I am in agony.
Why am I in agony?
Because I want, desire, hope for, live for, and lust after this stupid Ipad.
And I don't even know why.
My step daughter tells me that I would really like it. Even my brother thinks I should get one. Some of the reviews are less than "glowing". I want one.
I just can't think of a reason to NEED one.
I own a nook. It has lots of possibilities. No, it's not an Ipad. It's not even LIKE an Ipad. But all of my devices are compatible. The Ipad would not be AS compatible, although I think most of my documents would transfer just fine. I could carry it around like a laptop, without the weight. But I can't transfer my books on my nook to my Ipad--or can I? I simply don't know. Plus, a phone (my Android that is forever saying "DROID" at me) has all my crazy information on it.

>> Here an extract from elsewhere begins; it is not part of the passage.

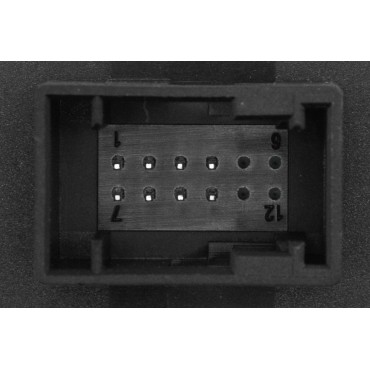 Bouton Commande Transmission Automatique Pour Peugeot 308 508 98046755ZD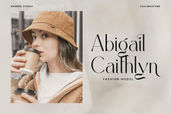 Callingstone Minimalist Sans Serif Font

It's a heck of a way to live, and I don't have my guru here to tell me..."oh, you're just having gadget envy."
What's worse, is that the store doesn't have any on hand that I can just walk out of the store with, and I can't order the one I want from that store because they don't allow online purchases for that particular item. I have to really feel that I must have one, order it at the store, and then wait for it. Patiently. Neither is possible at this time due to impulsive behavior on my part.
So instead, I am going to my chair to read for a moment, right after I browse Ravelry and a few other sites, none of which will have anything to do with the ipad, which is a shortened "I Paid" and probably for something I didn't even really need.